------ Data excerpts

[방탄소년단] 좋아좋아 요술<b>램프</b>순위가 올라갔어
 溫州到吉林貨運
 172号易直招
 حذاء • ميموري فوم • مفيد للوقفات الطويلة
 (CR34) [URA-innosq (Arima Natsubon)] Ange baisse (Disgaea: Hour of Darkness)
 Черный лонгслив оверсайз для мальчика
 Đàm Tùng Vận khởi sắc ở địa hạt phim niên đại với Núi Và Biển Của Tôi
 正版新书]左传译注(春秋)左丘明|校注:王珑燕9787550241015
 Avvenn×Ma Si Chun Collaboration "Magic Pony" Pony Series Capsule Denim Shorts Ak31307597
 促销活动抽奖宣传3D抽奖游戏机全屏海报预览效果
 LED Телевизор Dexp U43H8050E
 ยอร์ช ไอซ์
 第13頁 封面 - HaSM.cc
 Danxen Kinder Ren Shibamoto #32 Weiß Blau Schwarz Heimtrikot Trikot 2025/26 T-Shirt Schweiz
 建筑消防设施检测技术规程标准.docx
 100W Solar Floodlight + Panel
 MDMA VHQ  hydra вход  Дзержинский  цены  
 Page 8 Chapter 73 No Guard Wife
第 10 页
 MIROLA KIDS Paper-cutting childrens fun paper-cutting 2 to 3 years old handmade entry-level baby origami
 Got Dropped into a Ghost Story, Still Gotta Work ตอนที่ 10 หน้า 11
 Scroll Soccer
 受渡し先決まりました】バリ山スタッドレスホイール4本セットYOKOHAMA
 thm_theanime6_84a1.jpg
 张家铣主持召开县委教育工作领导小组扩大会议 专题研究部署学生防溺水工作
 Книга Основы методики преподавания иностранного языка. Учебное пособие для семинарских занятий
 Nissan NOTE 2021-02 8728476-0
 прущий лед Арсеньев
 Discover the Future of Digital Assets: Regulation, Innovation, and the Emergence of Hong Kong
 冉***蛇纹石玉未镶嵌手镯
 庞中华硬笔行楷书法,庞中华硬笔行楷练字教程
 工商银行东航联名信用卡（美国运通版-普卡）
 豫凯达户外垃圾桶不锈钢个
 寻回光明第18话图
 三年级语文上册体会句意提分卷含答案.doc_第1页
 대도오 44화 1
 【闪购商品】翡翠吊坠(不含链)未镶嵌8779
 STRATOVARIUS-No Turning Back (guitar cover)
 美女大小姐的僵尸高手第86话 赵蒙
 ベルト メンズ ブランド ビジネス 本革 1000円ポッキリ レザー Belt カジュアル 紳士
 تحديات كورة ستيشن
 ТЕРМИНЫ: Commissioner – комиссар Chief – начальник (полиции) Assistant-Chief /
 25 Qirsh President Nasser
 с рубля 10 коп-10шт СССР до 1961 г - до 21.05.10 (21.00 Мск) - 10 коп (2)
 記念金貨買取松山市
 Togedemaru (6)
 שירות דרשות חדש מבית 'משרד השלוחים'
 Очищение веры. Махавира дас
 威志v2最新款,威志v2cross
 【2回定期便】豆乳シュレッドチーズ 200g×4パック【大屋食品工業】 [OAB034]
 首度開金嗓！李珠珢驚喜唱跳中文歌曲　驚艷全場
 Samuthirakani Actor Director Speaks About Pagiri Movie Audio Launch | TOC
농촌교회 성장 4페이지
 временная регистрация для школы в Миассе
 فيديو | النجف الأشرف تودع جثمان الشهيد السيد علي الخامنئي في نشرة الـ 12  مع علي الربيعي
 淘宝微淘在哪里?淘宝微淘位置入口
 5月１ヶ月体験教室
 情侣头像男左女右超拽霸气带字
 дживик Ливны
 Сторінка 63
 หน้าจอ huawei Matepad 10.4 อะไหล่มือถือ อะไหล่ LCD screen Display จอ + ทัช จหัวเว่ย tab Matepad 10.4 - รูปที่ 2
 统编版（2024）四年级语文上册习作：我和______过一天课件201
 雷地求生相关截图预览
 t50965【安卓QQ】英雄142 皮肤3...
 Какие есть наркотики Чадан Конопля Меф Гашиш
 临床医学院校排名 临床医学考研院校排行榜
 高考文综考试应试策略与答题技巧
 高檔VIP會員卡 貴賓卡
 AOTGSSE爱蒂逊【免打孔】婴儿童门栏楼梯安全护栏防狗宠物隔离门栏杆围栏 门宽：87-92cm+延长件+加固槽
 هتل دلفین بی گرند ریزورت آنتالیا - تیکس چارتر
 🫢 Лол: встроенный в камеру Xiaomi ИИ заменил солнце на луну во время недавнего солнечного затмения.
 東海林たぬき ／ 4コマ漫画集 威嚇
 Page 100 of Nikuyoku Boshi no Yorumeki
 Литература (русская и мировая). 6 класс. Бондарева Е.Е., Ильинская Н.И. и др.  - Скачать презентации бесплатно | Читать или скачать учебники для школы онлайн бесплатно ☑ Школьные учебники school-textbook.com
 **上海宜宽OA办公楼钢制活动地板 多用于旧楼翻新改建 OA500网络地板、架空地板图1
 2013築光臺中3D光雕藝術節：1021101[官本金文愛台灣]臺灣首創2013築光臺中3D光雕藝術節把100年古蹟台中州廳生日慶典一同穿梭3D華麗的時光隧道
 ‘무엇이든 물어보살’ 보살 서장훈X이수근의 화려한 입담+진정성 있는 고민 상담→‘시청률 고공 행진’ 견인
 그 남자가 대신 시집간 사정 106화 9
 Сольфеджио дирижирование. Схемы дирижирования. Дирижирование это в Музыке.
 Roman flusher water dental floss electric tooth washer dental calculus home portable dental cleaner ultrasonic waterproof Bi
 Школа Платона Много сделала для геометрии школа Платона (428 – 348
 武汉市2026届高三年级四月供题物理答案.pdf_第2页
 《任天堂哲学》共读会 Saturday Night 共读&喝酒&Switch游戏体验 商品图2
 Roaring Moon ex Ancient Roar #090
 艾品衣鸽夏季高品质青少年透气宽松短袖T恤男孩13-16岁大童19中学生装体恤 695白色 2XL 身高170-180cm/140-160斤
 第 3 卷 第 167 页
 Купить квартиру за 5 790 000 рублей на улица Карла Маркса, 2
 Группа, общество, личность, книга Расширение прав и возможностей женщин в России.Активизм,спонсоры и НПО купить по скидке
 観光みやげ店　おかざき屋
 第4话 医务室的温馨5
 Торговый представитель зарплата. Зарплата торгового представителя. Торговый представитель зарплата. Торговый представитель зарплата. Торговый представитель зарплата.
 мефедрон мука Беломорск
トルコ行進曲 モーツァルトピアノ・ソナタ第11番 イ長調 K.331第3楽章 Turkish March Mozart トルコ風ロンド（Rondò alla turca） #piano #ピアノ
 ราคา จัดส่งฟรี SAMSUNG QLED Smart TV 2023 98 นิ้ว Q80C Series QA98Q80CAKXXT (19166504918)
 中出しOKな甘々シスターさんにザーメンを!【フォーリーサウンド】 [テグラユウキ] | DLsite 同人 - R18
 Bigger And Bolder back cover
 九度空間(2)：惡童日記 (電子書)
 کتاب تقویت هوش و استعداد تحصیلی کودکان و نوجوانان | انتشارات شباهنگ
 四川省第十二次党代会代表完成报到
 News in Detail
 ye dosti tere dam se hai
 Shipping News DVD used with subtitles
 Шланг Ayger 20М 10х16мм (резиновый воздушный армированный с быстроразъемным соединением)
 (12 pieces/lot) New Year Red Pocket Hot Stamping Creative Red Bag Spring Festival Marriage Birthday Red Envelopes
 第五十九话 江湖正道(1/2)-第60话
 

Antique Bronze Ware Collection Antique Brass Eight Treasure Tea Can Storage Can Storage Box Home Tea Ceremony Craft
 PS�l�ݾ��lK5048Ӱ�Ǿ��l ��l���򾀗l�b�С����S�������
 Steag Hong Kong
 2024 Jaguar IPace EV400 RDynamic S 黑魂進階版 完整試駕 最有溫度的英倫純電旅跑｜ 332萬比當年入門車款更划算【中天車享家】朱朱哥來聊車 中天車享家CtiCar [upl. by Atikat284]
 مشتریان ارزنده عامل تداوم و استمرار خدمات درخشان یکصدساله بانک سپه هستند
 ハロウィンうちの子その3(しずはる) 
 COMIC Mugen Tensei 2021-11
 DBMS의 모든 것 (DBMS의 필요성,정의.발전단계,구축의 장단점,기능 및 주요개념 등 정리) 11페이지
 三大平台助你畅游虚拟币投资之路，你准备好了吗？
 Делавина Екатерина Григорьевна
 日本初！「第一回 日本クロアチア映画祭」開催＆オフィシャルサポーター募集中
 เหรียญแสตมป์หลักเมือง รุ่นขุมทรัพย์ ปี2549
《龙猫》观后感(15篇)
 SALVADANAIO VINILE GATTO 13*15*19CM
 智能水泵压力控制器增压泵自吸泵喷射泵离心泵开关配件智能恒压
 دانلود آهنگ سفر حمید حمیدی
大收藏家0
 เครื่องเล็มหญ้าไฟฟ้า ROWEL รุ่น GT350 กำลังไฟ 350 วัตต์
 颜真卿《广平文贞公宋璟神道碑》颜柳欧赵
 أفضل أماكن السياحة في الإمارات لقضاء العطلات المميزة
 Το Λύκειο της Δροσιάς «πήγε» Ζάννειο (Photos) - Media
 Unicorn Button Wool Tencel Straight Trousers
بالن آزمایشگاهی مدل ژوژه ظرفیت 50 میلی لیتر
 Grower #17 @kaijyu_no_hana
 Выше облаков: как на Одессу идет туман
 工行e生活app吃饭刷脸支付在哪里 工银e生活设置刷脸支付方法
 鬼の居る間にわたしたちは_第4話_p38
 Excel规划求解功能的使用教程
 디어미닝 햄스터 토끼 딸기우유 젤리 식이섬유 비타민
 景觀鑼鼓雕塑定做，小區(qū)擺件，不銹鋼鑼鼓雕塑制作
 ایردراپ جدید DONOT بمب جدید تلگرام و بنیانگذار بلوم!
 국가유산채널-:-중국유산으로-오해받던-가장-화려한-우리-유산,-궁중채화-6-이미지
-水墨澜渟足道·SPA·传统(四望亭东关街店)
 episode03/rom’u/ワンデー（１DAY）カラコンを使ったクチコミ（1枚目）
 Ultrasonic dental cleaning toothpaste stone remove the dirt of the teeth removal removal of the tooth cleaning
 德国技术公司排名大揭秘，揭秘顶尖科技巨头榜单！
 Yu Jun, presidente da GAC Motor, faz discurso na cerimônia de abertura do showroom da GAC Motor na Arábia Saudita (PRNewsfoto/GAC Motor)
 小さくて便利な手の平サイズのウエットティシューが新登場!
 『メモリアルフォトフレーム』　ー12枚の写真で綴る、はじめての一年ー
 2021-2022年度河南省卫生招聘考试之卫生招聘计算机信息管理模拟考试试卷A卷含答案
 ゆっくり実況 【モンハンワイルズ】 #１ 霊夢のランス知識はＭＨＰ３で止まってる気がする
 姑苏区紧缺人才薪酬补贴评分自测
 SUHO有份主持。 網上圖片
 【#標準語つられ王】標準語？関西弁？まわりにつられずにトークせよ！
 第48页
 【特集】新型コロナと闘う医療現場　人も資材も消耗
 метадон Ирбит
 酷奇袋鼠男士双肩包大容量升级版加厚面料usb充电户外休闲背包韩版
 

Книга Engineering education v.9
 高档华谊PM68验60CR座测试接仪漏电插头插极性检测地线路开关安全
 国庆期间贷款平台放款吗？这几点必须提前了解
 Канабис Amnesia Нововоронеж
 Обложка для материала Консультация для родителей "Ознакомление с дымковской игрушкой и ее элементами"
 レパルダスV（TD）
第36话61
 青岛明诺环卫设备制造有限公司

------------

# Task item
Where the word "Series" appears in a line of the entries, copy that line.

# Solution for this exercise
 Avvenn×Ma Si Chun Collaboration "Magic Pony" Pony Series Capsule Denim Shorts Ak31307597
 ราคา จัดส่งฟรี SAMSUNG QLED Smart TV 2023 98 นิ้ว Q80C Series QA98Q80CAKXXT (19166504918)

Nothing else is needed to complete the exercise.